Y este es otro fenómeno que revela una dimensión de la represión que afectó específicamente a las mujeres: las desapariciones de sus hijas e hijos que, en los primeros años tras el golpe de Estado, se produjeron en las cárceles. Cuando las republicanas condenadas a la pena capital parían, eran ejecutadas y sus bebés desaparecían. Para el franquismo las familias republicanas (y señaladamente las mujeres presas) eran entornos desfavorables a la crianza, por lo que separar a las rojas de su prole era un modo de salvarla. Posteriormente, esta medida política se extendería y se consolidaría como un negocio, dando lugar a robos de bebés en maternidades de todo el Estado hasta entrados los años 90.

Finalmente, respecto a las desapariciones forzadas, queda aún mucho por investigar. Por un lado, existen muchos problemas para clarificar y cuantificar el número de mujeres desaparecidas y fusiladas durante la guerra civil y la dictadura. Pero también es necesario profundizar en las circunstancias en que fueron desaparecidas: ¿sufrieron violencia sexual también al ser detenidas? ¿Cuál fue el impacto en las mujeres de familiares desaparecidos? ¿Qué consecuencias para ellas tuvo el quedarse como cabeza de familia en una sociedad como fue la franquista? Y, sobre todo, ¿qué impacto tuvo en la sociedad que somos hoy?

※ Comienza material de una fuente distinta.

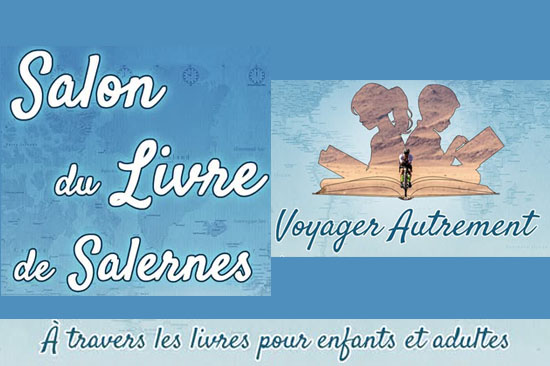 Affiche générique du Salon du livre de Salernes Vendredi 6 février à 18h30, au musée Terra Rossa sur le thème "voyager autrement"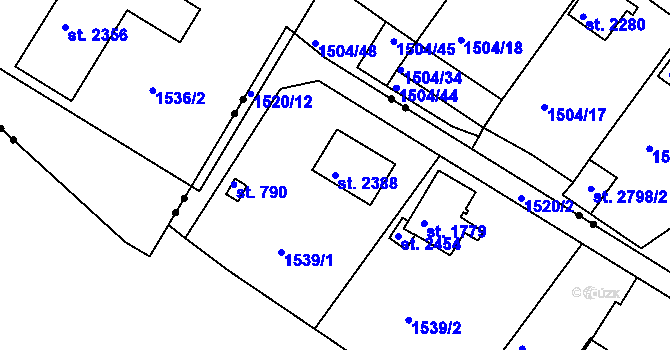 Parcela st. 2388 v KÚ Litice u Plzně, Katastrální mapa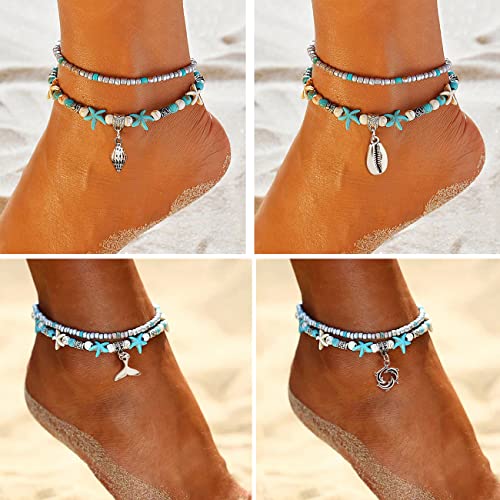 Suyi 5pcs Ankle Bracelets for Women Layered Beach Adjustable Anklets Boho Chain Anklet Foot Jewelry - color: 5pcs Set 3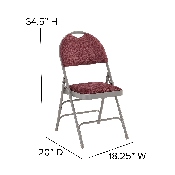 HERCULES Series Ultra-Premium Triple Braced Burgundy Fabric Metal Folding Chair with Easy-Carry Handle, HA-MC705AF-3-BY-GG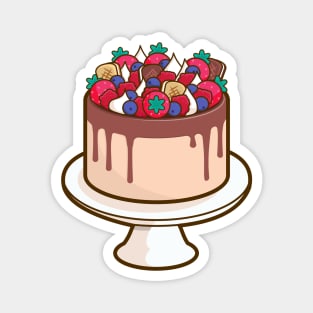 Strawberries, Blueberries, Raspberries and Meringues Birthday Cake Magnet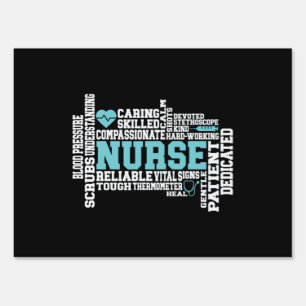 Cute Nurse RN LVN Nursing School Medical Sign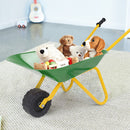 Outdoor Garden Backyard Play Toy Kids Metal Wheelbarrow - Green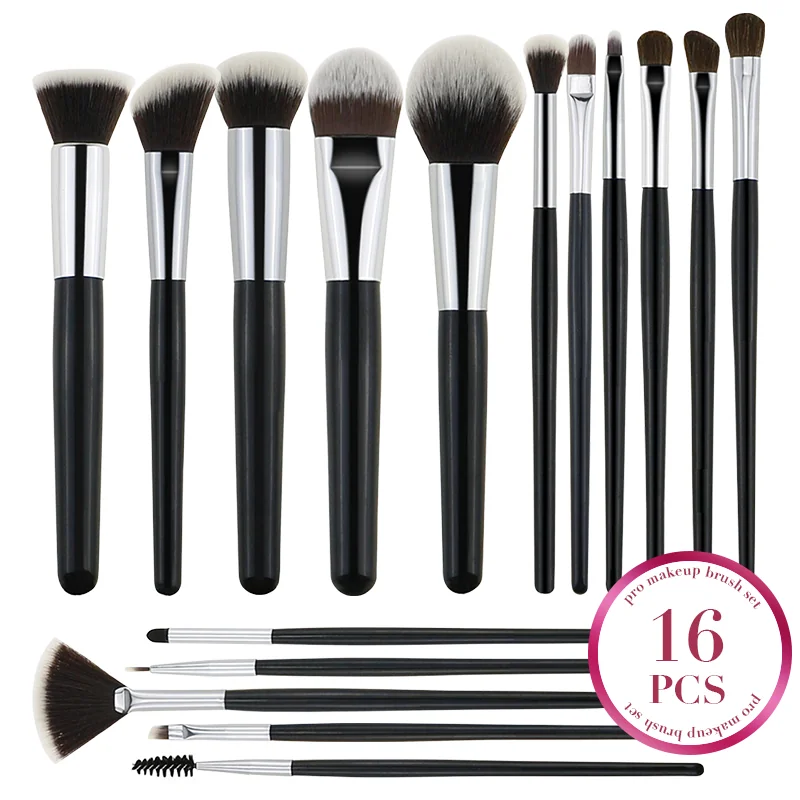 St Future Juego de brochas de maquillaje de nivel básico de 16 piezas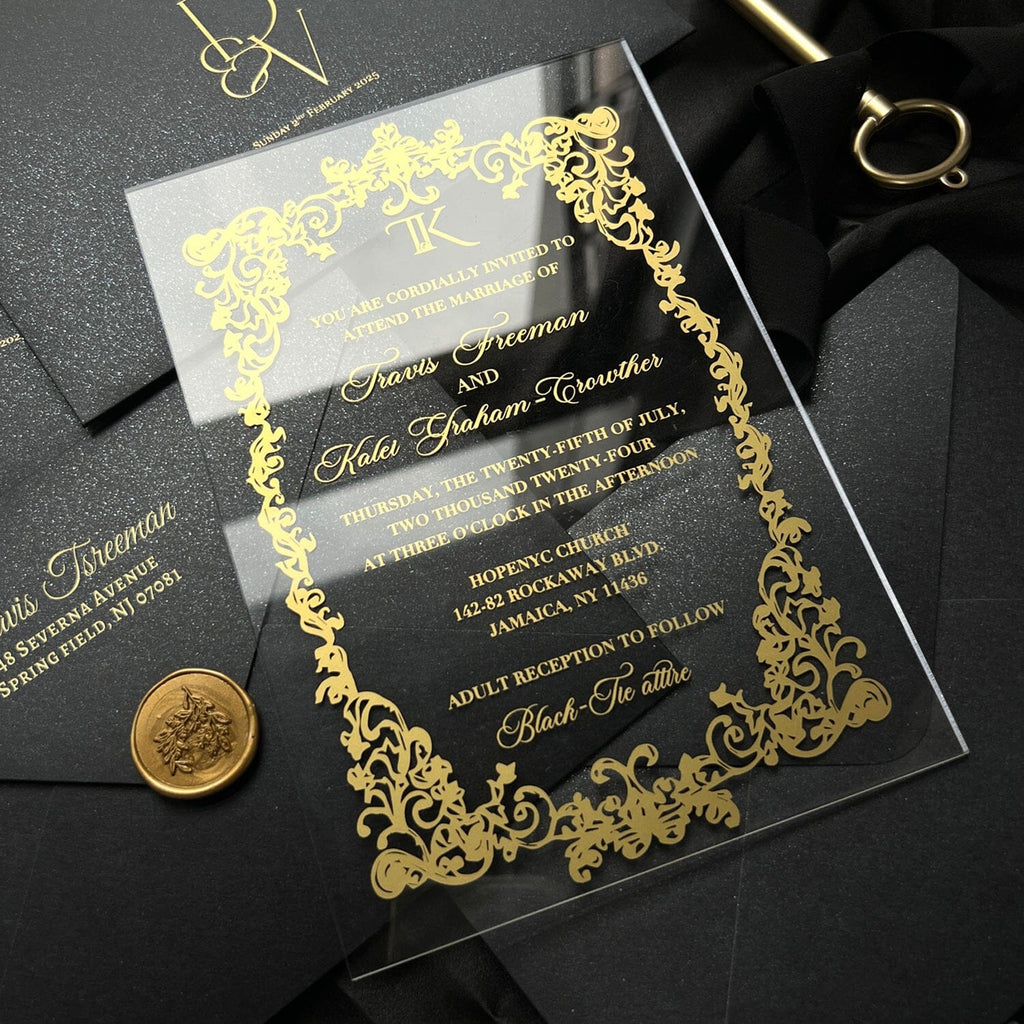 Clear Acrylic Wedding Invitation with Gold Foil Black Envelopes, Transparent Invites, Foil Printing Cards Wedding Ceremony Supplies Picky Bride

Muchos interrogantes y pocas respuestas que es necesario que asumamos en lo individual y lo colectivo. Hoy, muchas víctimas y sus familiares llevan años ante la justicia argentina para pedir que se investiguen unos crímenes que se deberían estar investigando en los tribunales españoles; para pedir que se conozca la verdad, que haya reparación y justicia. Es obligado recuperar la memoria de un país entero y entender el impacto que estos crímenes han tenido en nuestro presente y tendrán en nuestro futuro, pues esta memoria es la de todas y todos: la del hombre ejecutado, la del niño robado, la del anciano que teme morir sin haber podido enterrar a sus familiares y, por supuesto, también la de todas las mujeres rapadas, violadas, torturadas o desparecidas… La nuestra.